Accueil ActualitésTaxes du Numérique en RDC à contre courant : Revoir les méthodes et encourager l’innovation

Taxes du Numérique en RDC à contre courant : Revoir les méthodes et encourager l’innovation

L’arrêté interministériel signé par les ministères des Finances et du Numérique a fait l’effet d’un séisme dans l’écosystème digital congolais.

En fixant des droits d’autorisation allant de 2 000 à 75 000 dollars pour divers services numériques, l’État affirme vouloir encadrer et sécuriser le secteur. Mais dans les incubateurs, les fablabs et les hubs de jeunes entrepreneurs, c’est la stupeur : comment bâtir une startup quand le ticket d’entrée dépasse parfois le capital initial ?La RDC regorge pourtant de talents.

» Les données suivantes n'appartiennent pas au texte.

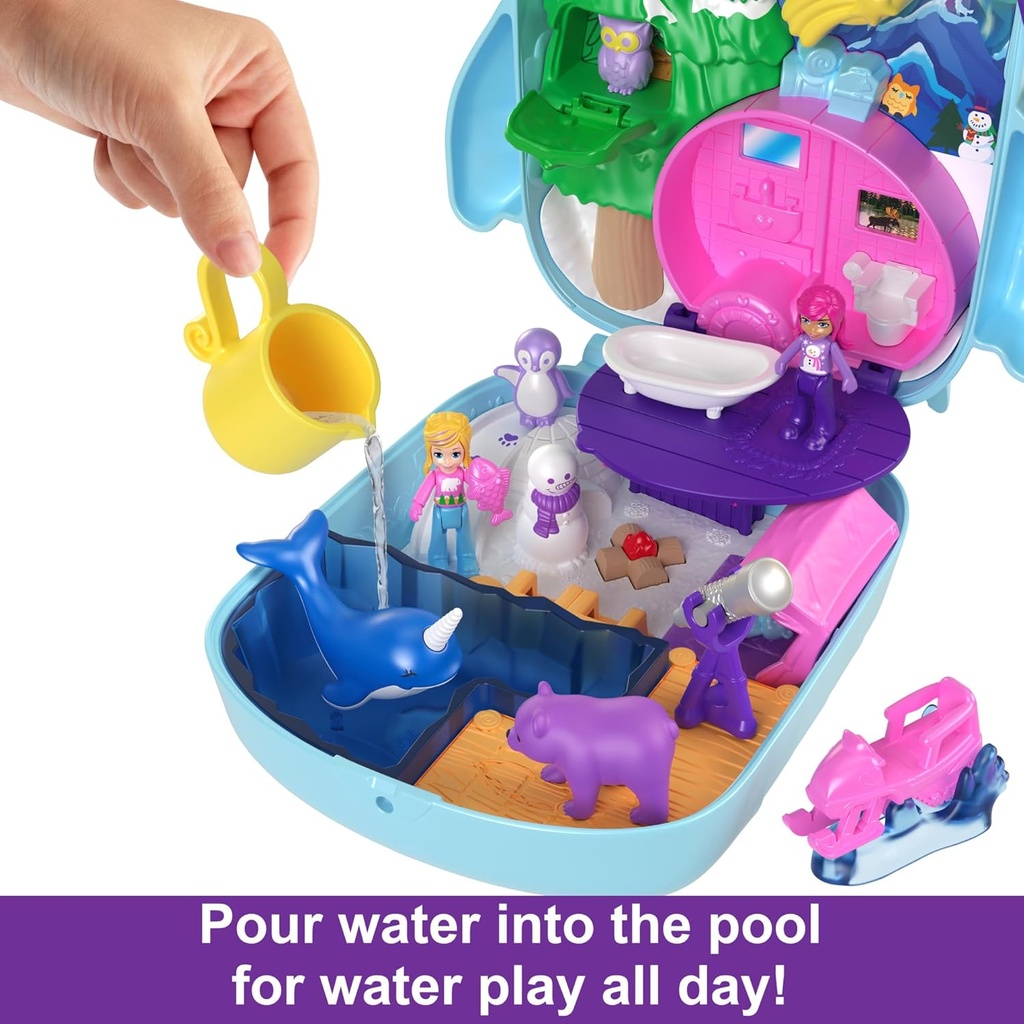 Polly Pocket estuche de Buho pijama party 4a+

Dans les quartiers de Kinshasa, Lubumbashi ou Goma, des jeunes développent des applications de paiement mobile, des plateformes de e‑commerce ou des solutions de santé numérique. Ces initiatives ne sont pas seulement des projets économiques : elles représentent une réponse au chômage, une promesse d’emplois et une ouverture vers l’économie de demain. Encourager ces initiatives devrait être une priorité nationale.

Le Startup Act adopté en 2022 allait dans ce sens, en offrant des avantages fiscaux et un cadre protecteur. Mais l’arrêté du 20 juillet 2026 semble en contradiction avec cet esprit : il impose des barrières financières qui risquent de décourager les plus fragiles, surtout les nationaux.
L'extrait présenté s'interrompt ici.